Minneapolis Disparities
(May 16, 2014)
Prefatory note: This subpage is related to the California Disparities, Maryland Disparities,Los Angeles SWPBS, Denver Disparities, and St. Paul Disparities subpages and the DOE Equity Report subpage of the Discipline Disparities page of jpscanlan.com. The former five subpages address studies showing that when discipline rates were reduced in the referenced jurisdictions, relative racial/ethnic differences in discipline rates increased. The sixth subpage addresses a Department of Education study showing that relative differences in expulsions are smaller in districts with zero tolerance policies than in districts without zero tolerance policies.

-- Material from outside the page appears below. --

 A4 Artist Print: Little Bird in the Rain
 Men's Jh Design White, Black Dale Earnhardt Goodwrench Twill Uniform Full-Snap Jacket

According to an April 11, 2013 Minneapolis Public Radio article, “Mpls. Tackles high rates of African-American student suspensions,” Minneapolis school officials concerned about large racial differences in suspensions rates expressed the view that the solution to the problem lay in generally reducing discipline rates. Such view accords with the views promoted by the Departments of Education and Justice.
In fact, however, reducing discipline rates tends to increase, rather than reduce, relative differences in discipline rates, as I have recently explained in many places, including “Misunderstanding of Statistics Leads to Misguided Law Enforcement Policies, ” Amstat News (Dec. 2012); “The Paradox of Lowering Standards,” Baltimore Sun (Aug. 5, 2013); “Things government doesn’t know about racial disparities,” The Hill (Jan. 28, 2014); “The Mismeasure of Discrimination,” Faculty Workshop, University of Kansas School of Law (Sept. 20, 2013). The underlying statistical pattern is also explained in my commentary “It’s easy to misunderstand gaps and mistake good fortune for a crisis,” Minneapolis Star Tribune (Feb. 8, 2014).
A chart in the article showed that between 2010 and 2011 suspensions declined from 14.6 to 13.7 percent for blacks and from 2.4 to 2.1 percent for whites. But that means the ratio of the black suspension rate to the white suspensions rate had climbed from 6.1 in 2011 to 6.5 in 2012.
The chart showed suspensions to be generally down since 2007, though not with a completely consistent trend. In 2007, the black rate had been 16.34 percent and the white rate had been 2.97 percent, which means that the black to white ratio had been 5.5. So from 2007 to 2012 the ratio had increased from 5.5 to 6.5.